**Task to complete**
Return a faithful copy of all the entries, omitting the images.

**Records shown**
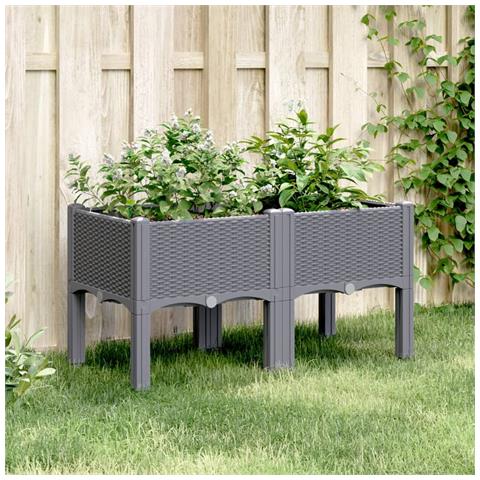 Fioriera Da Giardino Con Gambe Grigia 80x40x42 Cm In Pp - Foto 1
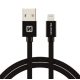 Swissten Lightning adatkábel textil bevonattal - 300cm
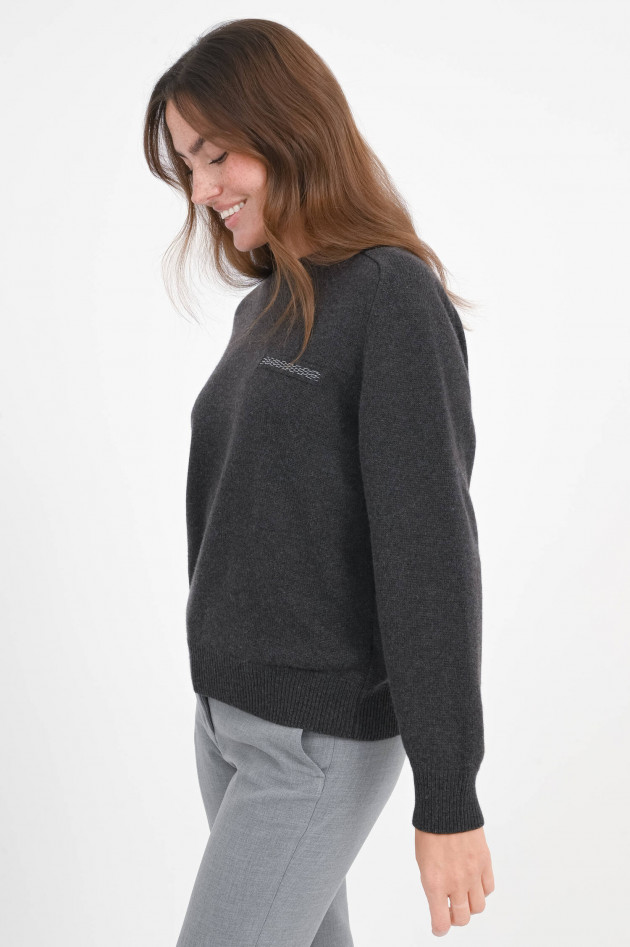 Peserico Seiden-Mix Pullover mit Perlen-Detail in Braun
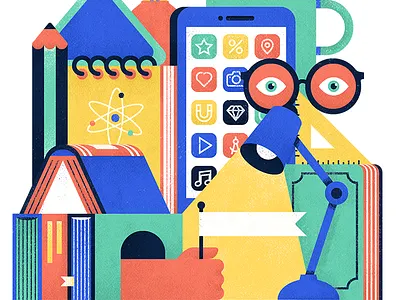 Student Life book bulb coffee eyeglasses eyes hand illustration lamp notepad phone science student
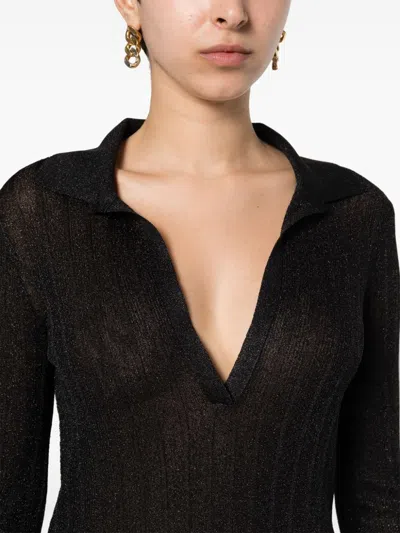 Tom Ford Metallic-threading Knitted Polo Shirt In Multicolor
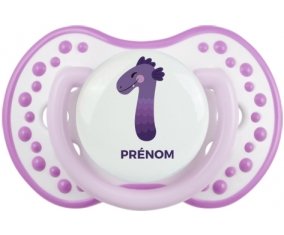 un an anniversaire style 1 + prénom : 0/6 mois - Blanc-mauve classique embout Lovi Dynamic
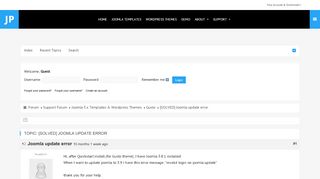 
                            2. Support Forum: [SOLVED] Joomla update error (1/1) - Joomlaplates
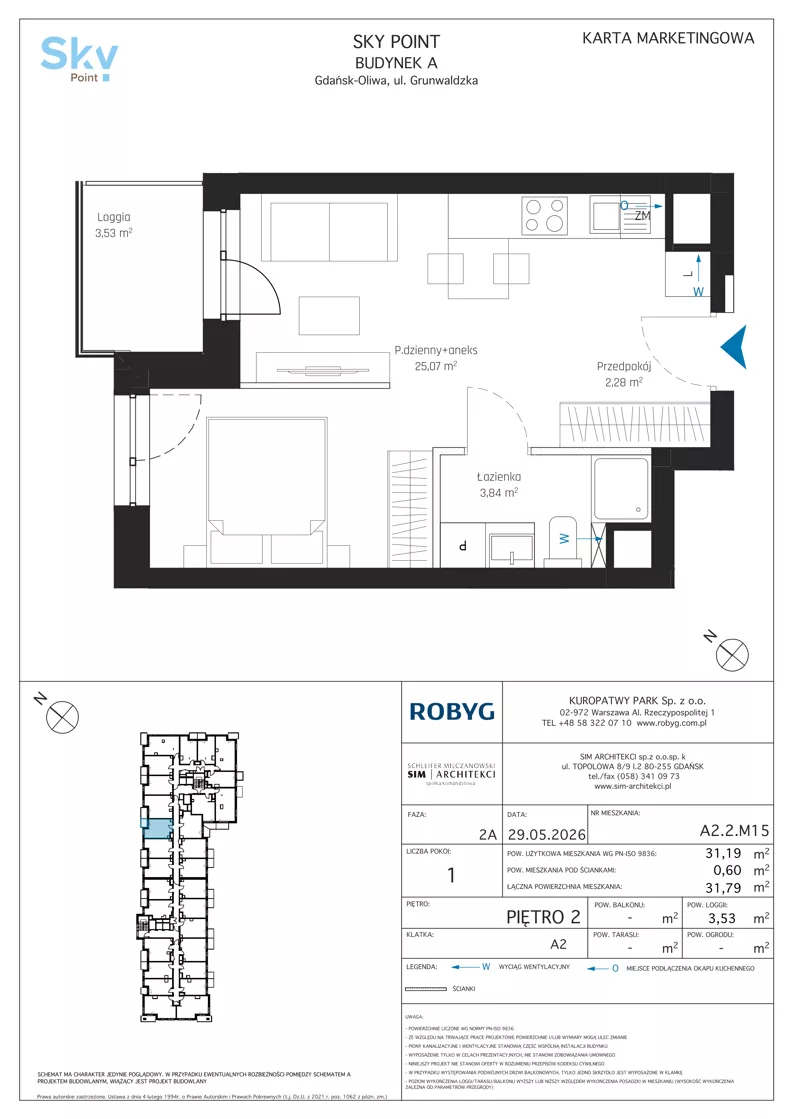 1 pokój, apartament inwestycyjny 31,19 m², piętro 2, oferta nr A2.2M15, Sky Point - Apartamenty Inwestycyjne, Gdańsk, Oliwa, Zaspa-Rozstaje, al. Grunwaldzka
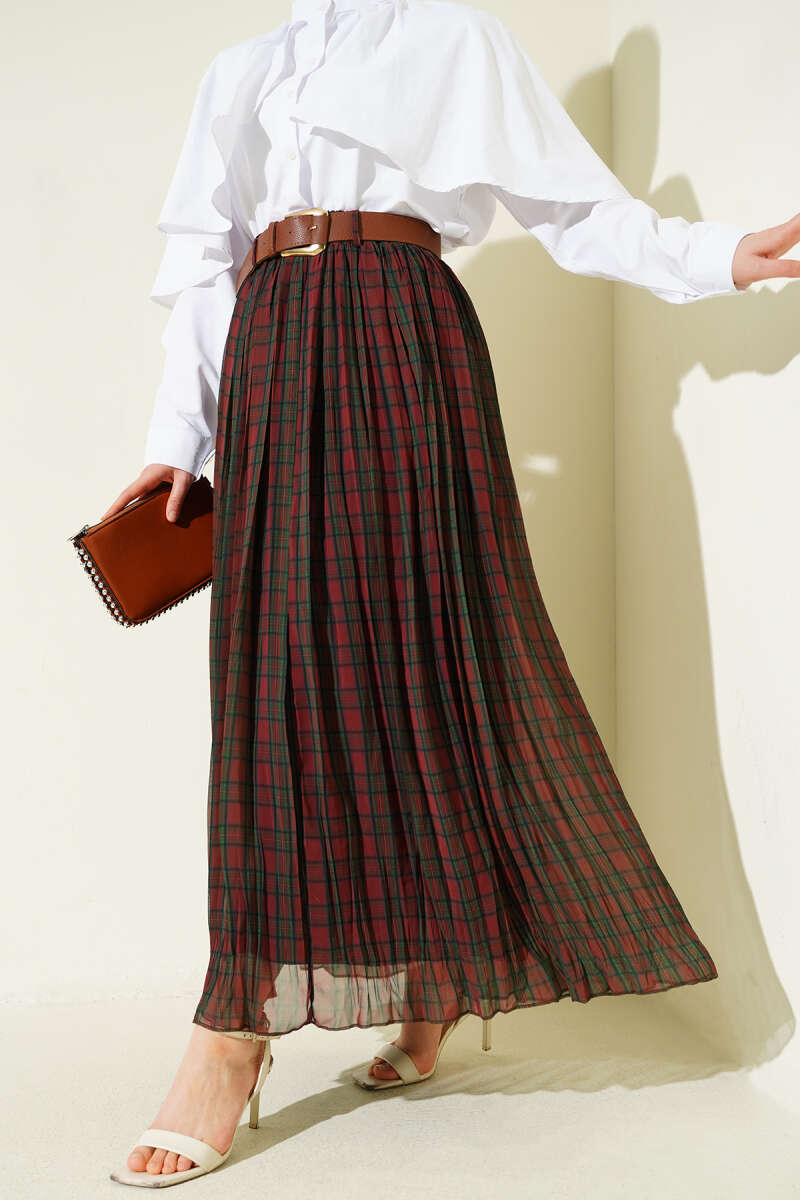 Kemerli Sık Pileli Ekoseli Etek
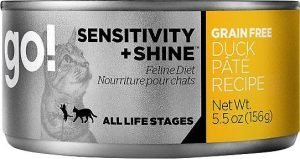 go sensitivity and shine wet cat food can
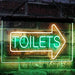 Restrooms Arrow Right Toilets LED Light Sign - Way Up Gifts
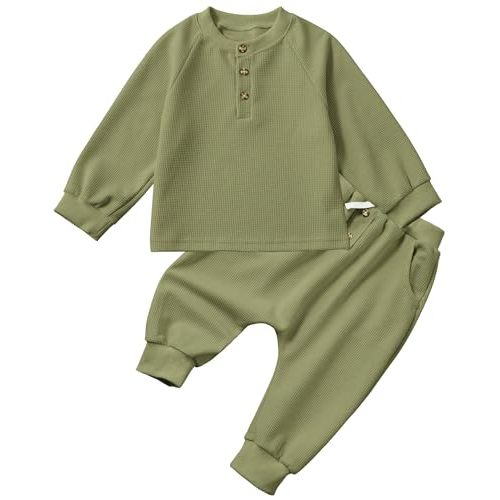 SunoZee Toddler Baby Waffle Long Sleeve Sweatshirt ButtonTop Jogger Pants Set Cute Fall Winter Clothes Set Outfits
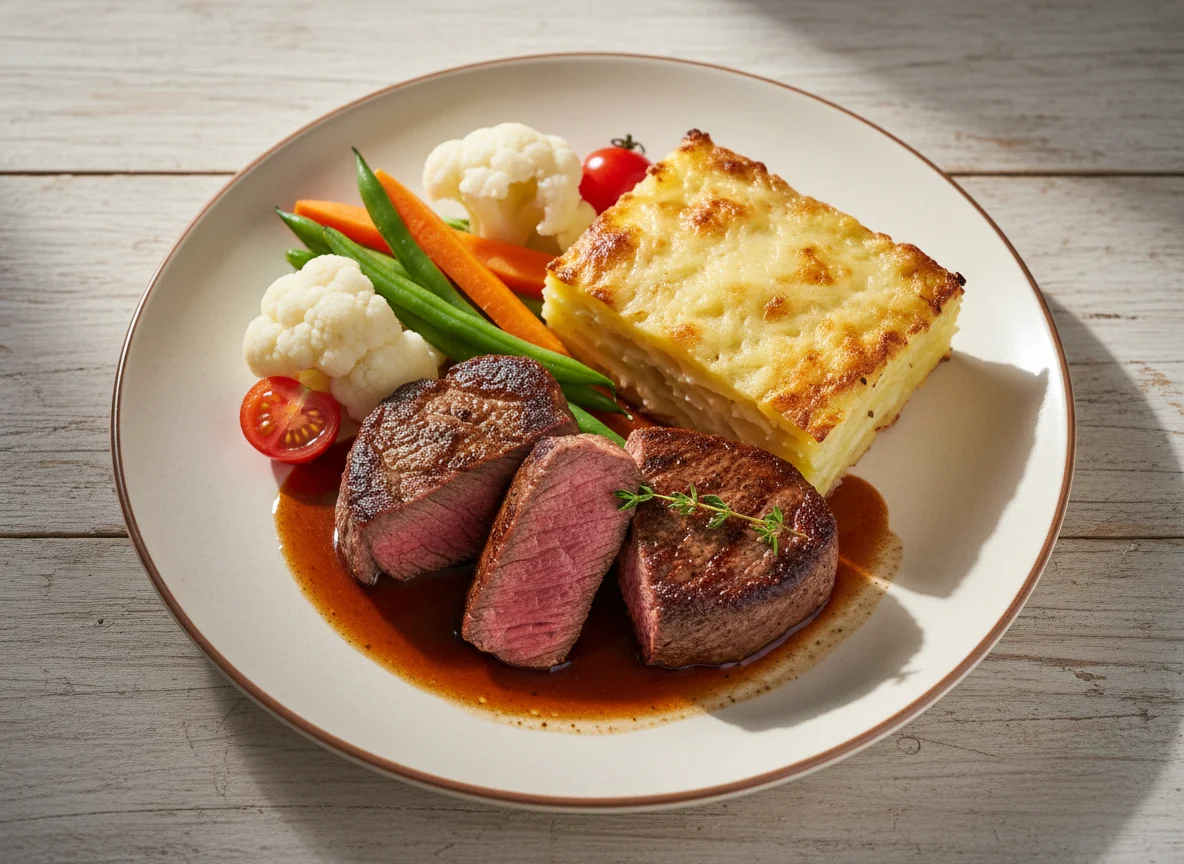 Rinderfilet mit Gemüse und Kartoffelgratin photo
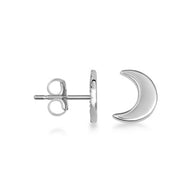 .925 Sterling Silver Celestial Moon Stud Earrings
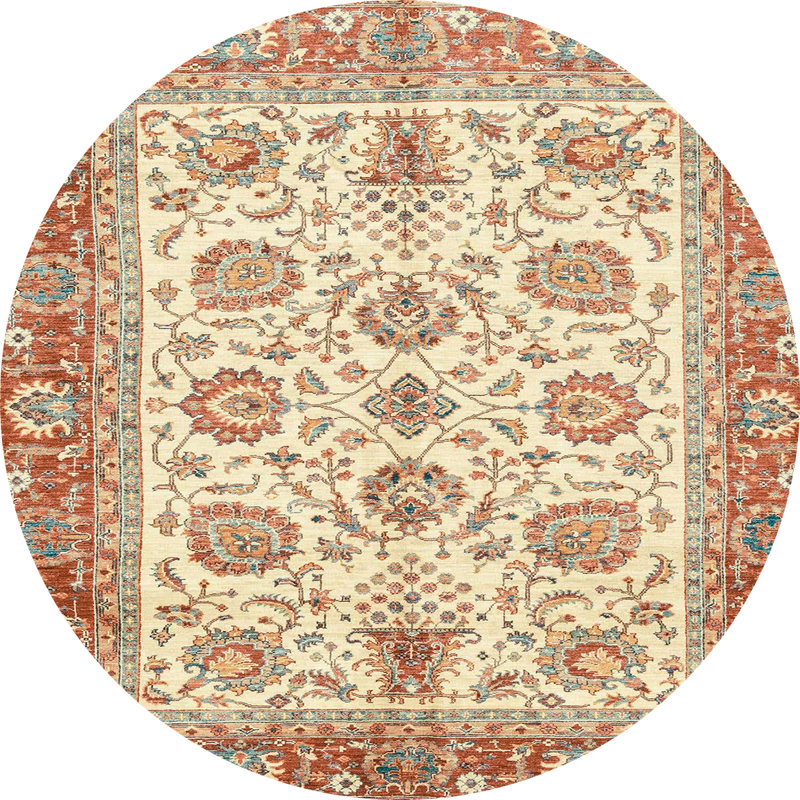 Abstract Indoor Rug, Round 4'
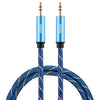 EMK Cable de audio trenzado de nailon con rejilla macho a macho de 3,5 mm para altavoz / portátiles / auriculares, longitud: 0,5 m (azul)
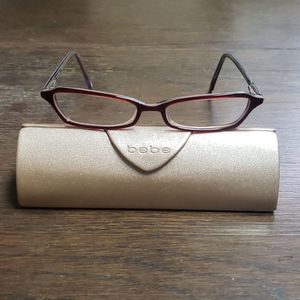 bebe Swanky red lacquer ladies prescription glasse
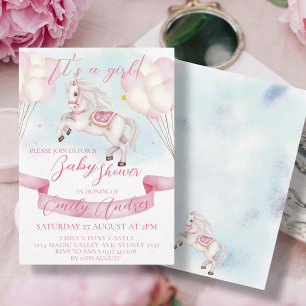 Fairytale Pony Stars Pink Balloons Baby Shower Invitation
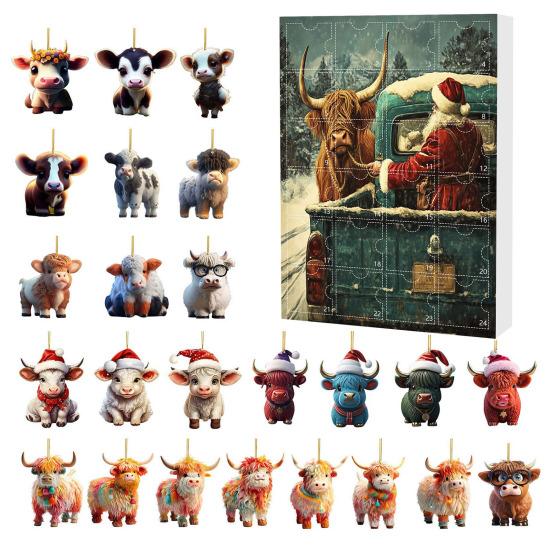 Highland Cow Ornaments Advent Calendar 2025 24 Days Christmas Countdown Calendar with Cartoon Cows Ornament for Xmas Tree Decor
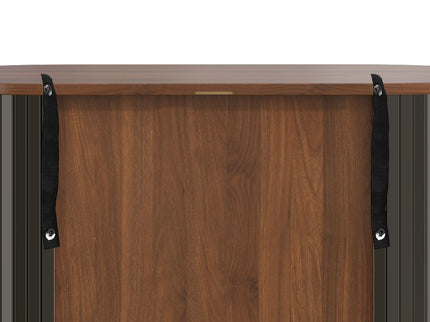 Fluted Wine Bar Cabinet With 8 Grid Wine Rack, 5 Level Adjustable Shelves, 2 Glass Holders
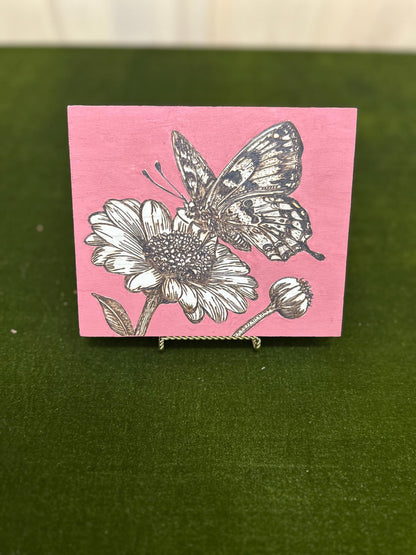 Butterfly and Floral Woodburned Home Decor, Hanging Wall Sign, Butterfly Flower Home Decor, Pink, Gifts for mom, terracotta. gifts for mom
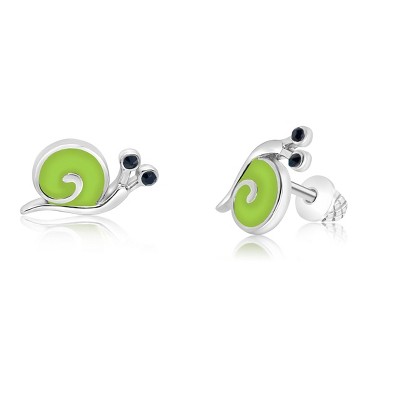Chanteur Hypoallergenic Kids Jewelry Accessories Snail Green Enamel White Gold Palladium Plating Stud Earrings Surgical Titanium Posts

**Answer for the task**
 Fioriera Da Giardino Con Gambe Grigia 80x40x42 Cm In Pp - Foto 1
 Swissten Lightning adatkábel textil bevonattal - 300cm
 Peserico Seiden-Mix Pullover mit Perlen-Detail in Braun
 Student Life book bulb coffee eyeglasses eyes hand illustration lamp notepad phone science student
 Tom Ford Metallic-threading Knitted Polo Shirt In Multicolor
 un an anniversaire style 1 + prénom : 0/6 mois - Blanc-mauve classique embout Lovi Dynamic
                            2. Support Forum: [SOLVED] Joomla update error (1/1) - Joomlaplates
 1 pokój, apartament inwestycyjny 31,19 m², piętro 2, oferta nr A2.2M15, Sky Point - Apartamenty Inwestycyjne, Gdańsk, Oliwa, Zaspa-Rozstaje, al. Grunwaldzka
 Kemerli Sık Pileli Ekoseli Etek
 go sensitivity and shine wet cat food can
 Restrooms Arrow Right Toilets LED Light Sign - Way Up Gifts
 SunoZee Toddler Baby Waffle Long Sleeve Sweatshirt ButtonTop Jogger Pants Set Cute Fall Winter Clothes Set Outfits
 Rinderfilet mit Gemüse und Kartoffelgratin photo
 .925 Sterling Silver Celestial Moon Stud Earrings
 Abstract Indoor Rug, Round 4'
 EMK Cable de audio trenzado de nailon con rejilla macho a macho de 3,5 mm para altavoz / portátiles / auriculares, longitud: 0,5 m (azul)
 bebe Swanky red lacquer ladies prescription glasse
 Fairytale Pony Stars Pink Balloons Baby Shower Invitation
 Highland Cow Ornaments Advent Calendar 2025 24 Days Christmas Countdown Calendar with Cartoon Cows Ornament for Xmas Tree Decor
 Fluted Wine Bar Cabinet With 8 Grid Wine Rack, 5 Level Adjustable Shelves, 2 Glass Holders
 Butterfly and Floral Woodburned Home Decor, Hanging Wall Sign, Butterfly Flower Home Decor, Pink, Gifts for mom, terracotta. gifts for mom
Chanteur Hypoallergenic Kids Jewelry Accessories Snail Green Enamel White Gold Palladium Plating Stud Earrings Surgical Titanium Posts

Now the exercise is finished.